Recorded data:
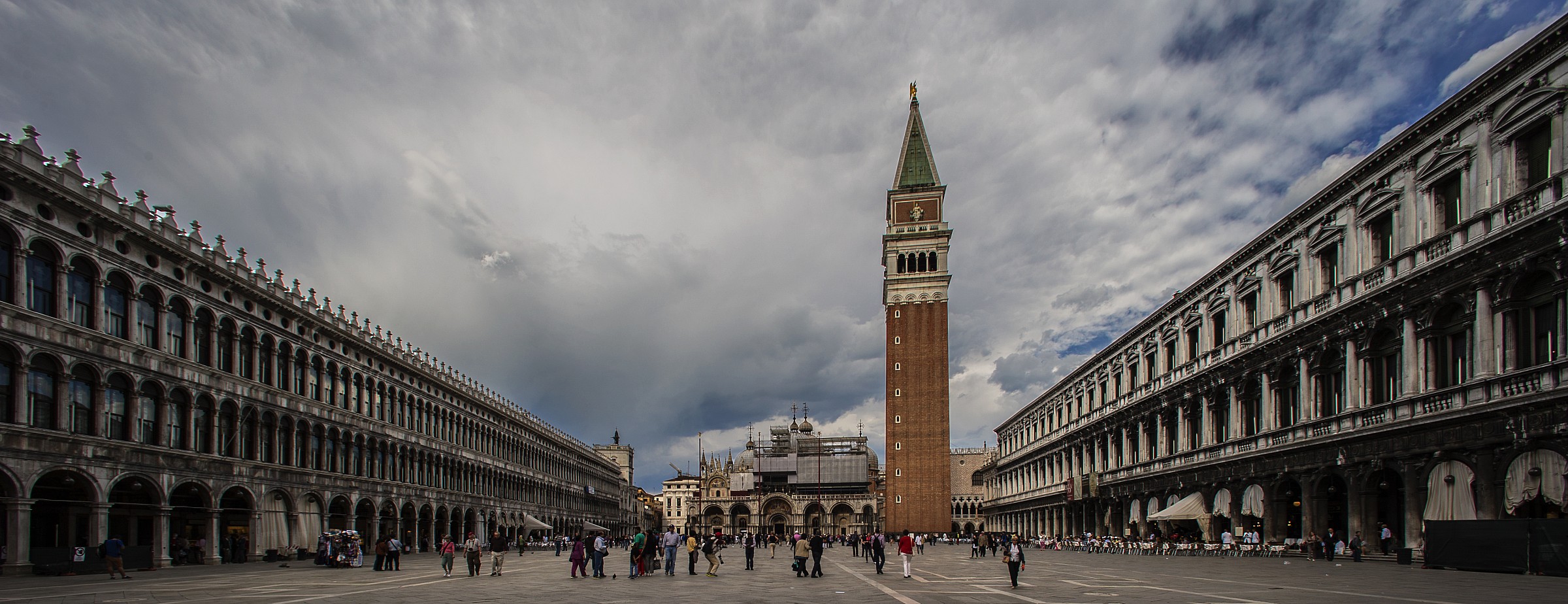 Piazza S. Marco vista come i quadri di Francesco Guardi...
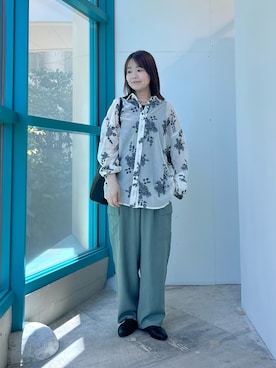 「URBAN RESEARCH DOORS（アーバンリサーチドアーズ）のヘマタイトネックレス（ネックレス、ゴールド系）」を使った、くずみさん（レディース・159cm）の春コーディネート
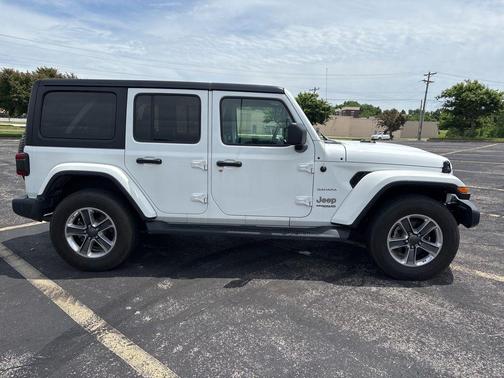 Bright White Clearcoat 2021 Jeep Wrangler Unlimited Sahara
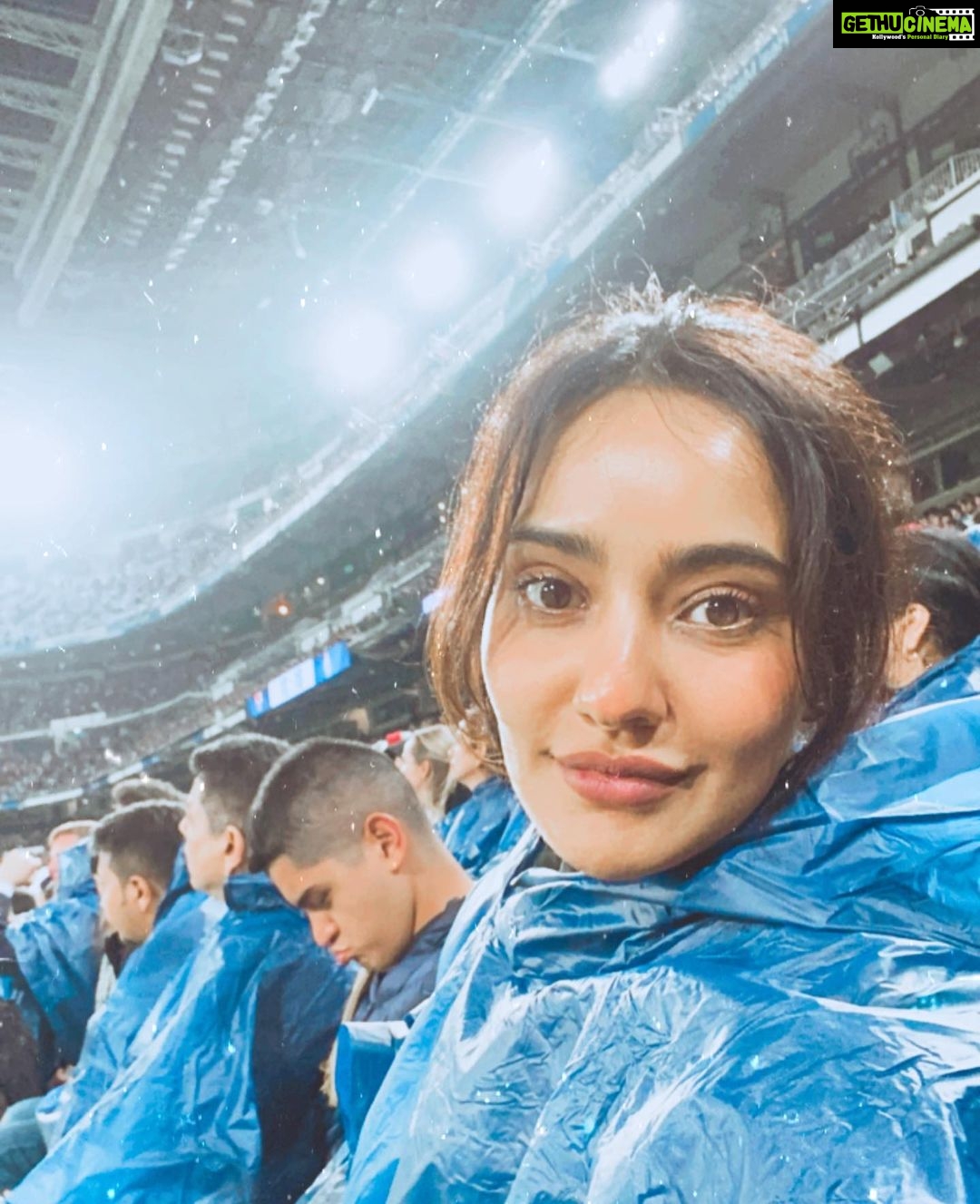 Neha Sharma Instagram - Grateful for this experience and witnessing @leomessi play in person was exhilarating and thankyou @aishasharma25 for introducing me to football . 😘🤗...#laliga2020 #football #sharmasisters ⚽️ @budfootball @budweiserindia Estadio Santiago Bernabéu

What you have to do: From the line that contains "Bright White Clearcoat" to the last line of the data, print each line exactly, both ends included, and omit the pictures.

Result of this exercise:
 Bright White Clearcoat 2021 Jeep Wrangler Unlimited Sahara
 Neha Sharma Instagram - Grateful for this experience and witnessing @leomessi play in person was exhilarating and thankyou @aishasharma25 for introducing me to football . 😘🤗...#laliga2020 #football #sharmasisters ⚽️ @budfootball @budweiserindia Estadio Santiago Bernabéu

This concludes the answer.